■ What the task requires ■
An exact reproduction of the listing, minus the pictures, is the required output.

■ Supplied information ■
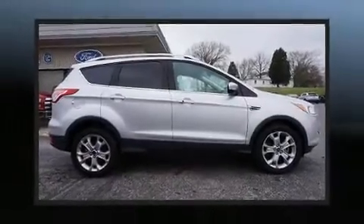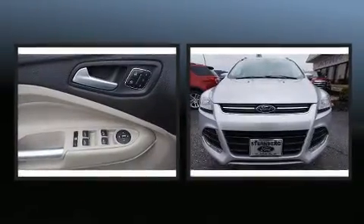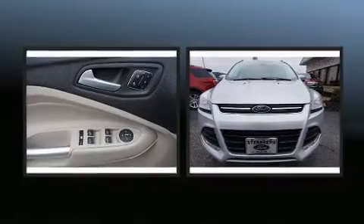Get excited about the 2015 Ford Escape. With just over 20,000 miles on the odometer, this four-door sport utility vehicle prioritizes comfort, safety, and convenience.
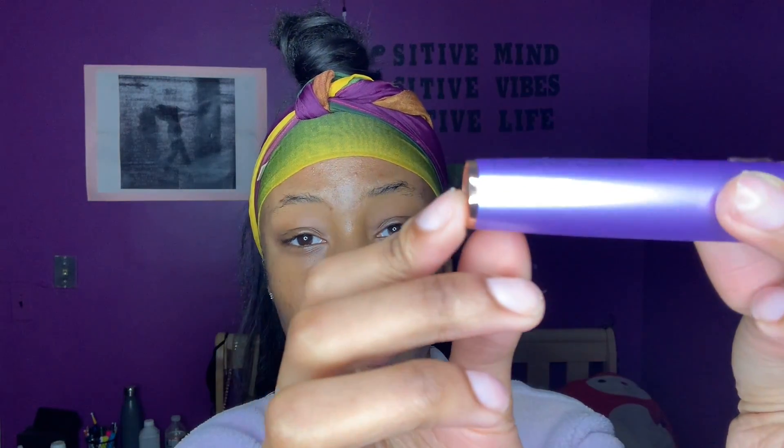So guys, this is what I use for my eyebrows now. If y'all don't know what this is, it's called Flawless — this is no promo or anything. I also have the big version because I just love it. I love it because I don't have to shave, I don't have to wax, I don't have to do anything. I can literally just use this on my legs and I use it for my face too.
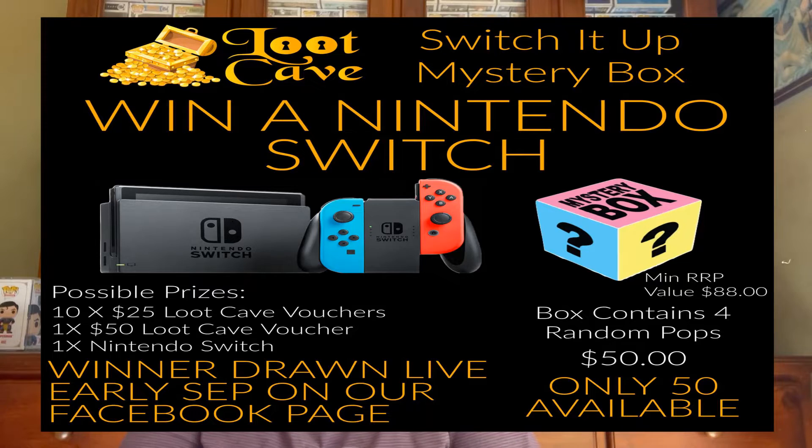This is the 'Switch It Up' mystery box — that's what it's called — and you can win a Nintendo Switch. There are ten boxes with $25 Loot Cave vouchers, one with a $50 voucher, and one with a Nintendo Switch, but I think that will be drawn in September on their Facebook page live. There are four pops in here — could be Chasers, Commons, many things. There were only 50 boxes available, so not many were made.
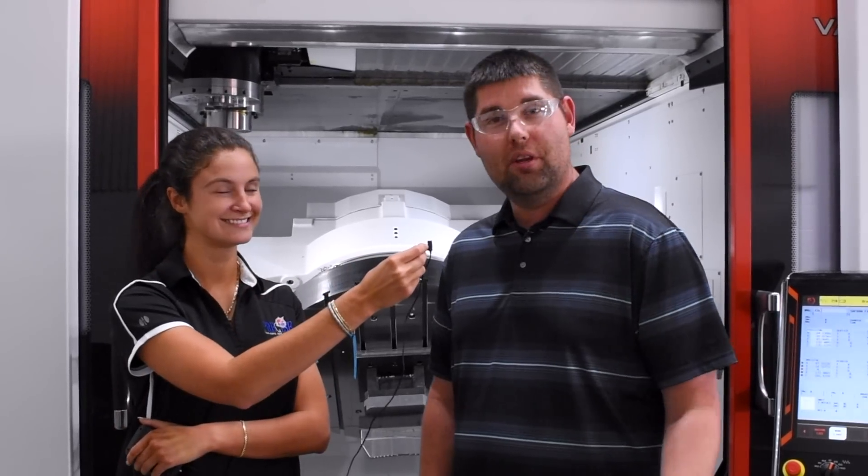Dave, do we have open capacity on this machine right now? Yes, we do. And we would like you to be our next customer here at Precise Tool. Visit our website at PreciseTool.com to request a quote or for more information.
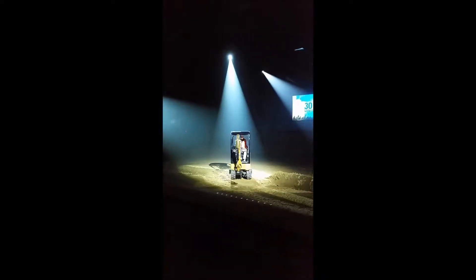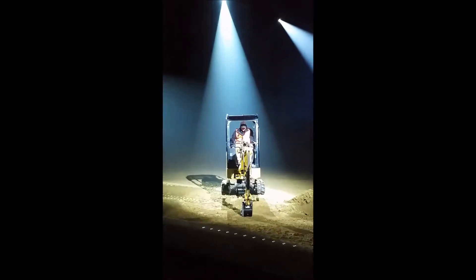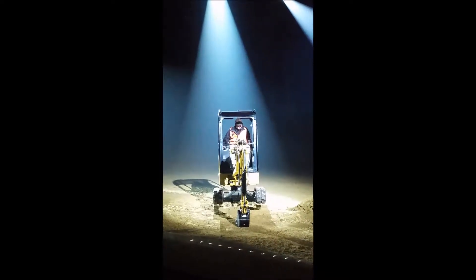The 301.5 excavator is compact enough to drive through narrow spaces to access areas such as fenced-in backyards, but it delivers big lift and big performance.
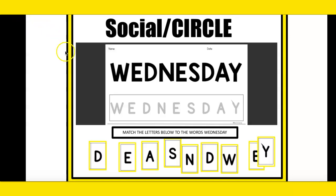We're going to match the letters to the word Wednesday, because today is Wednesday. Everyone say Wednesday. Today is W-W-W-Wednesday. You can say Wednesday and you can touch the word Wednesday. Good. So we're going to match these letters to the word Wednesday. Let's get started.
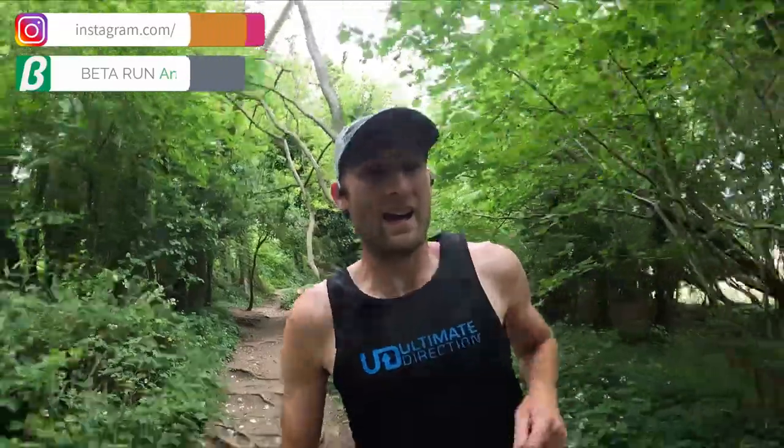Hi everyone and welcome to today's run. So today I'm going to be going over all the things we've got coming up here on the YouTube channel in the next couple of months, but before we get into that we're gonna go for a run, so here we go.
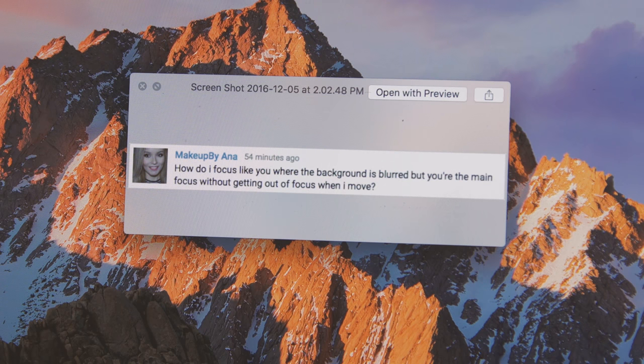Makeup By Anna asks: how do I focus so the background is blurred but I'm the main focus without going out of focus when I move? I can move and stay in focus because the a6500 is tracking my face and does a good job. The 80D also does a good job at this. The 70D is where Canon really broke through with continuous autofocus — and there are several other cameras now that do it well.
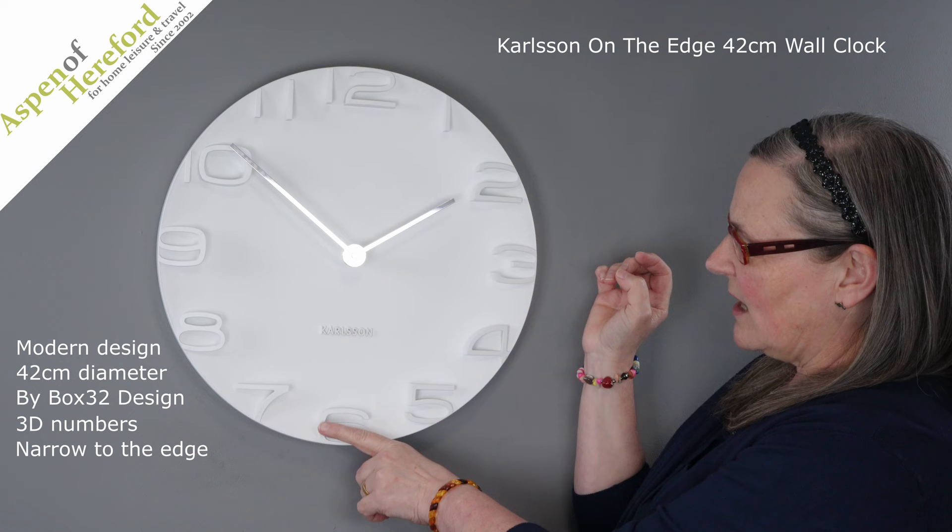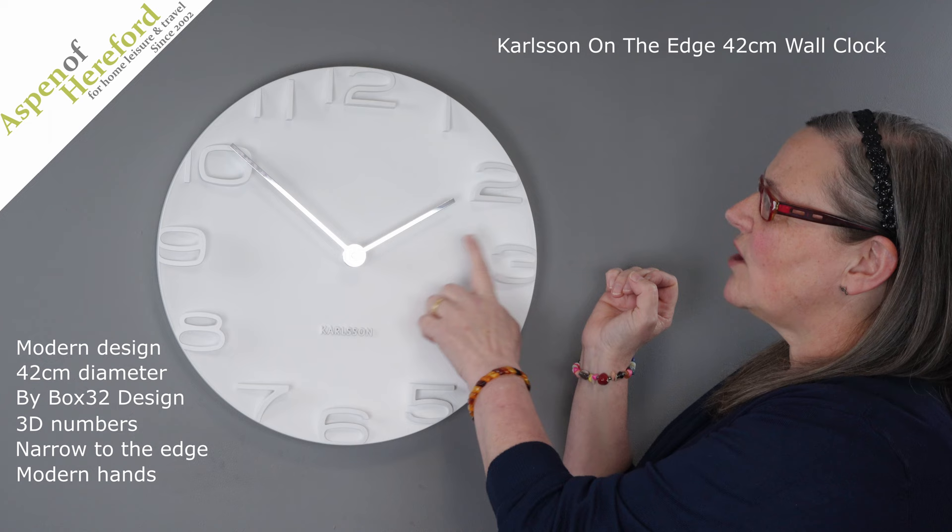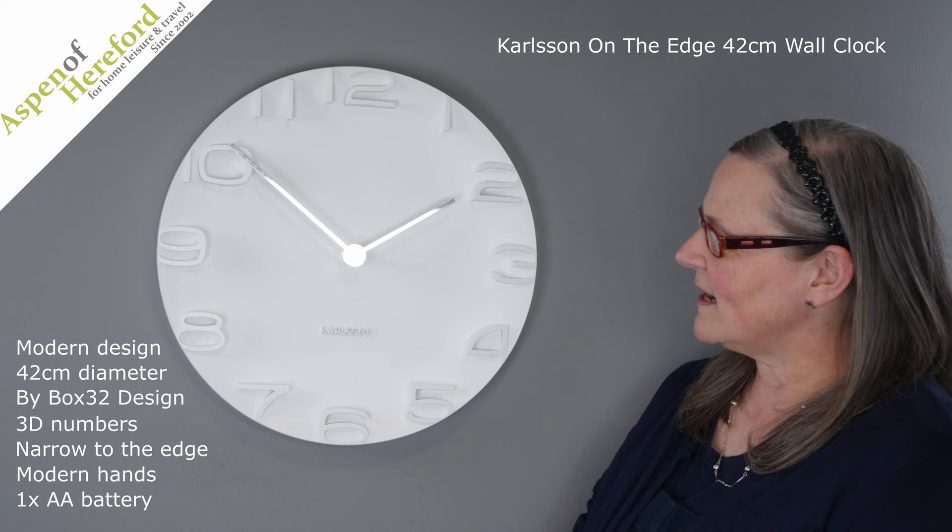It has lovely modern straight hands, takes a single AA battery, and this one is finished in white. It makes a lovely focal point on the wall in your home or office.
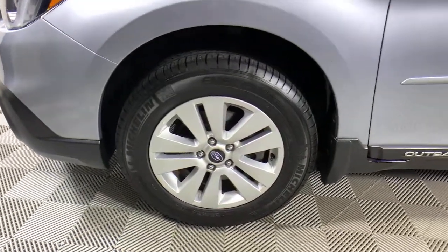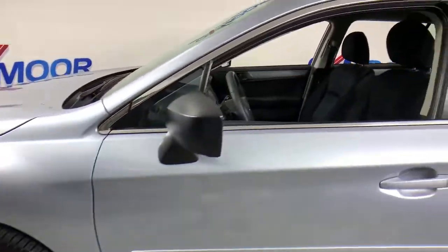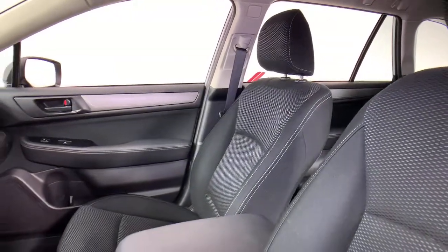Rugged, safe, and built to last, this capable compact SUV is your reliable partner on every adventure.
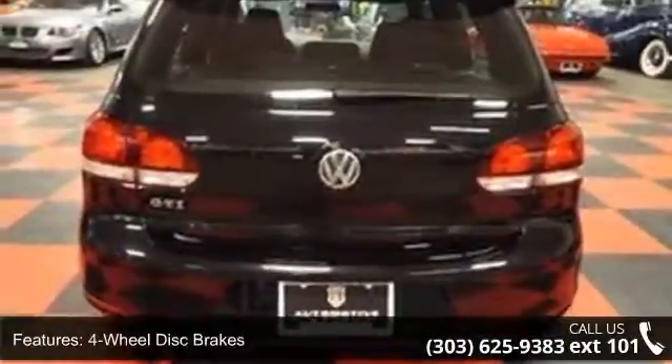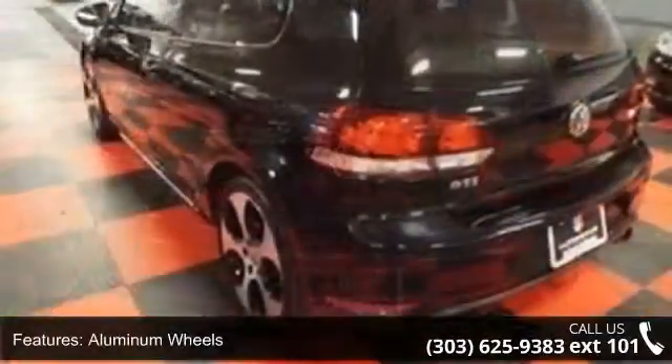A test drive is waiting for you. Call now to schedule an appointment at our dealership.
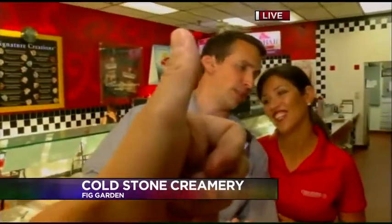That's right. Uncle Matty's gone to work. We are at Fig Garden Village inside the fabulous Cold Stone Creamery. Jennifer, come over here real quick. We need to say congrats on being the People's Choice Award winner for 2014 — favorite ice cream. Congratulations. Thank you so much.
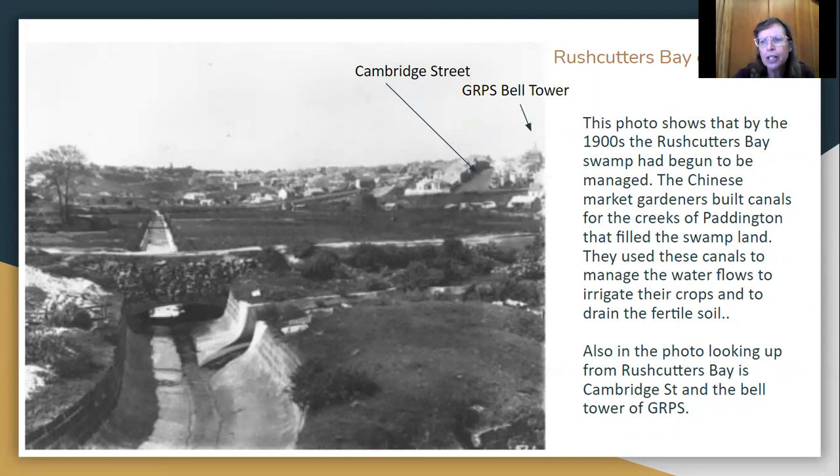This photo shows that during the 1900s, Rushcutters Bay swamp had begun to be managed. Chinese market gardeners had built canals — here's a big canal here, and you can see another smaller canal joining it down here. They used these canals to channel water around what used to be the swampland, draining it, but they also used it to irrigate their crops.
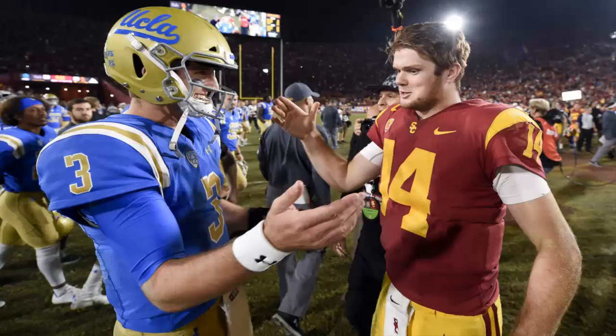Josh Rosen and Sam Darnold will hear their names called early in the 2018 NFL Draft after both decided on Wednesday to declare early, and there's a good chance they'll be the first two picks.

■ Solution ■
Get excited about the 2015 Ford Escape. With just over 20,000 miles on the odometer, this four-door sport utility vehicle prioritizes comfort, safety, and convenience.
So guys, this is what I use for my eyebrows now. If y'all don't know what this is, it's called Flawless — this is no promo or anything. I also have the big version because I just love it. I love it because I don't have to shave, I don't have to wax, I don't have to do anything. I can literally just use this on my legs and I use it for my face too.
This is the 'Switch It Up' mystery box — that's what it's called — and you can win a Nintendo Switch. There are ten boxes with $25 Loot Cave vouchers, one with a $50 voucher, and one with a Nintendo Switch, but I think that will be drawn in September on their Facebook page live. There are four pops in here — could be Chasers, Commons, many things. There were only 50 boxes available, so not many were made.
Dave, do we have open capacity on this machine right now? Yes, we do. And we would like you to be our next customer here at Precise Tool. Visit our website at PreciseTool.com to request a quote or for more information.
The 301.5 excavator is compact enough to drive through narrow spaces to access areas such as fenced-in backyards, but it delivers big lift and big performance.
We're going to match the letters to the word Wednesday, because today is Wednesday. Everyone say Wednesday. Today is W-W-W-Wednesday. You can say Wednesday and you can touch the word Wednesday. Good. So we're going to match these letters to the word Wednesday. Let's get started.
Hi everyone and welcome to today's run. So today I'm going to be going over all the things we've got coming up here on the YouTube channel in the next couple of months, but before we get into that we're gonna go for a run, so here we go.
Makeup By Anna asks: how do I focus so the background is blurred but I'm the main focus without going out of focus when I move? I can move and stay in focus because the a6500 is tracking my face and does a good job. The 80D also does a good job at this. The 70D is where Canon really broke through with continuous autofocus — and there are several other cameras now that do it well.
It has lovely modern straight hands, takes a single AA battery, and this one is finished in white. It makes a lovely focal point on the wall in your home or office.
Rugged, safe, and built to last, this capable compact SUV is your reliable partner on every adventure.
A test drive is waiting for you. Call now to schedule an appointment at our dealership.
That's right. Uncle Matty's gone to work. We are at Fig Garden Village inside the fabulous Cold Stone Creamery. Jennifer, come over here real quick. We need to say congrats on being the People's Choice Award winner for 2014 — favorite ice cream. Congratulations. Thank you so much.
This photo shows that during the 1900s, Rushcutters Bay swamp had begun to be managed. Chinese market gardeners had built canals — here's a big canal here, and you can see another smaller canal joining it down here. They used these canals to channel water around what used to be the swampland, draining it, but they also used it to irrigate their crops.
Josh Rosen and Sam Darnold will hear their names called early in the 2018 NFL Draft after both decided on Wednesday to declare early, and there's a good chance they'll be the first two picks.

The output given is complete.